Yesterday, IAEA chief Yukiya Amano raised the possibility that Iran’s nuclear program might be aimed at specific military goals according to new information received by the Agency.
Ali Asghar Soltanieh, Iran’s IAEA representative, said: “Anyone can present the agency with information. Amano is responsible for checking the reliability of his sources and the truth of the information.”
Referring to the letter written by Fereydoon Abbasi Davani, the head of Iran’s Atomic Agency, Soltanieh reminded the IAEA that Iran has complied with all requirements laid out in its agreements with the agency.
Davani has written to the IAEA, saying: “The agency is required to officially acknowledge that all requirements have been met, and therefore, nothing more than the usual safeguards are required in Iran.” He added: “Once this has been announced by the agency, then Iran will respond to further questions about its program and clear up any possible concerns.”
Amano said that he had written to Iran’s atomic energy chief on June 3 soliciting responses to several questions that address the concern that Iran’s nuclear program may be headed in a military direction. He added that Iran’s response has been unsatisfactory.

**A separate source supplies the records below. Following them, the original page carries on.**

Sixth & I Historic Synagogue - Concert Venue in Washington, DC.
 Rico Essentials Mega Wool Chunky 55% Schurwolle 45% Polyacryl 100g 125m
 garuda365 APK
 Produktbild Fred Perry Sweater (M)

However, Soltanieh responds, saying: “The recent claims of the director of the IAEA regarding the military nature of Iran’s nuclear activities are a result of U.S. political pressure.”
He added that Amano was partial to the U.S. even before he took the helm at the IAEA.

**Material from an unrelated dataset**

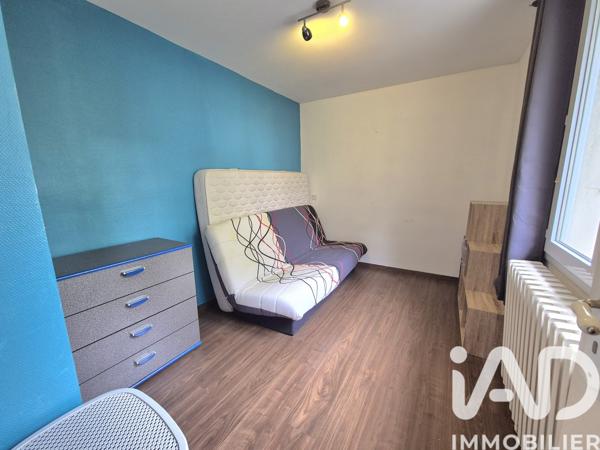 Maison à vendre 4 pièces 69,28 m² Valserhône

Mahmoud Ahmadinejad also critcized Yukiya Amano today saying he has discredited the international agency by making baseless allegations regarding Iran’s nuclear program.
Most recently, Russian Foreign Minister Sergey Lavrov indicated that no concrete evidence of the militarization of Iran’s nuclear program has yet been presented by the IAEA.
Iran has consistently insisted its nuclear program is peaceful.